T.A. : Il y a un petit film Butins que j’ai fait chez Mother et qui était peut-être un poil trop mélancolique. J’adorerai le refaire pour en faire un objet beaucoup plus joyeux parce que l’idée était top. Je me souviens de tous les commentaires quand il passait à la télé aux UK, les gens demandaient “Is anyone else strangely sad when they watch the latest Butlins ad?”. J’adorais la signat “Happy Days”. Et le dino qu’on avait fait. On avait réorchestré Dust in the wind avec un de mes potes chanteur cap verdien à New York, c’était incroyable. J’en ai fait un petit documentaire, qui est aussi plein de mélancolie. 
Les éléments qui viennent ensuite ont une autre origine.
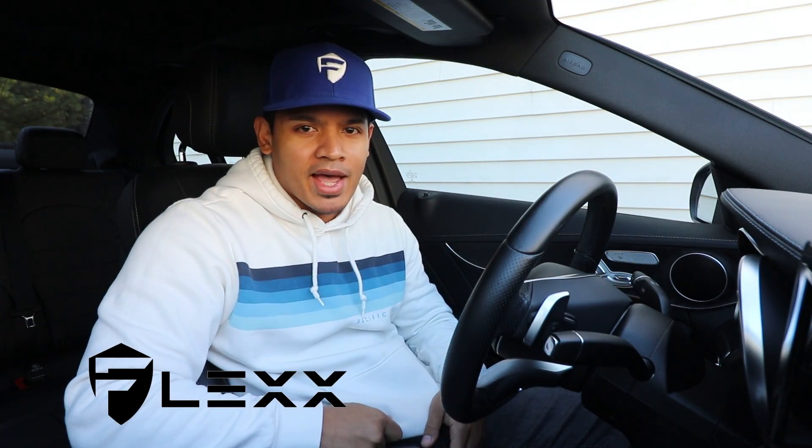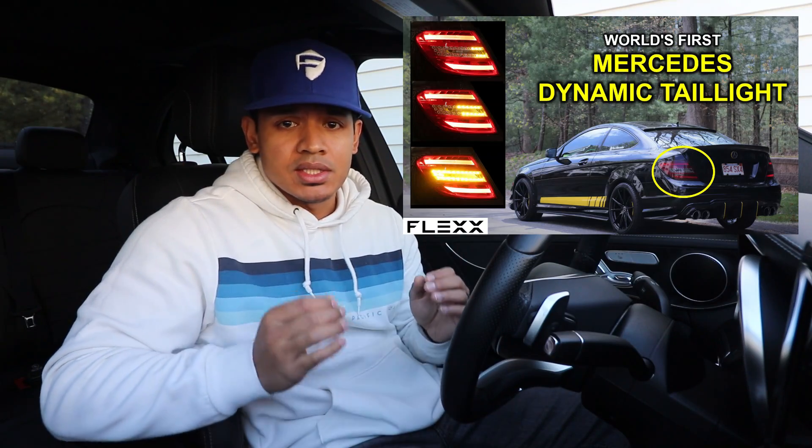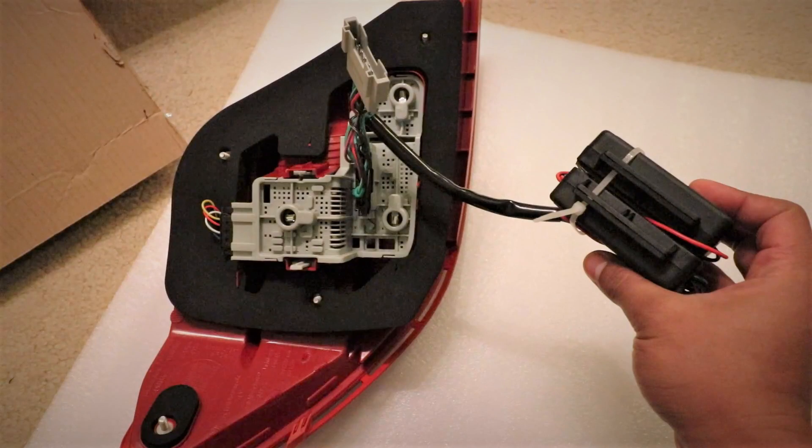Hey, what's up guys, it's Flex and welcome back. About a week ago I uploaded a video where I installed some dynamic turn signal lights for my Mercedes C250 Coupe, and apparently there seems to be some confusion about that little box module that came with the taillights.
La publicité ou la stratégie que vous auriez rêvée imaginer ?

T.A. : Je suis un fan éternel du Levi’s Odyssey de BBH London. À tel point que j’ai appelé le film Heineken que j’ai préféré faire chez Wieden+Kennedy Amsterdam, Odyssey. Un petit tribute subtil.  

Point de croix, collection de dés à coudre, voix de baryton ou de soprano : avez-vous un talent caché ou passe-temps honteux ? 

T.A. : Je fais des bêtes de petits films sur Instagram avec mon fils Jules et ma fille Louison. J’aime bien leur montrer qu’on peut faire des histoires avec presque rien.  

La question que vous détestez le plus que l’on vous pose ? 

T.A. : C’est quoi en fait Albert Albert ? Une agence de pub, une boite de prod, un studio de créa ? Le monde bouge tellement vite qu’aujourd’hui, on peut tout faire, conception, écriture, réalisation et production. Pour des clients en direct et des agences. Et kiffer grave.

Aujourd’hui, chez Albert Albert, on file des coups de main à des agences en France, des agences aux UK, on bosse en direct pour des clients comme les JO Paris  2024, ou La Vie au UK, on développe une série avec Thomas VDB et So Film, on produit un court métrage, et oui, on réalise des pubs quand les scripts nous vont bien. Comme cette pub Meta faite sur 3 écrans d’iPhone pour BETC et nos potes Jeremy, Baptiste, Nico et Olivier et qui était un bonheur à faire. 

Le conseil que vous donneriez au jeune Thierry Albert qui débuterait dans la création publicitaire en 2025 ? 

T.A. : Files dans les meilleures agences aux UK ou aux US, tu vas apprendre tellement de choses. À commencer par parler et écrire en anglais.  

Et fais des clips, c’est canon pour expérimenter. Comme celui que j’ai fait pour « Tense » de Thom Draft par exemple, entièrement fait par le cast avec les app.  Un travail de fou qui nous a valu pas mal de prix.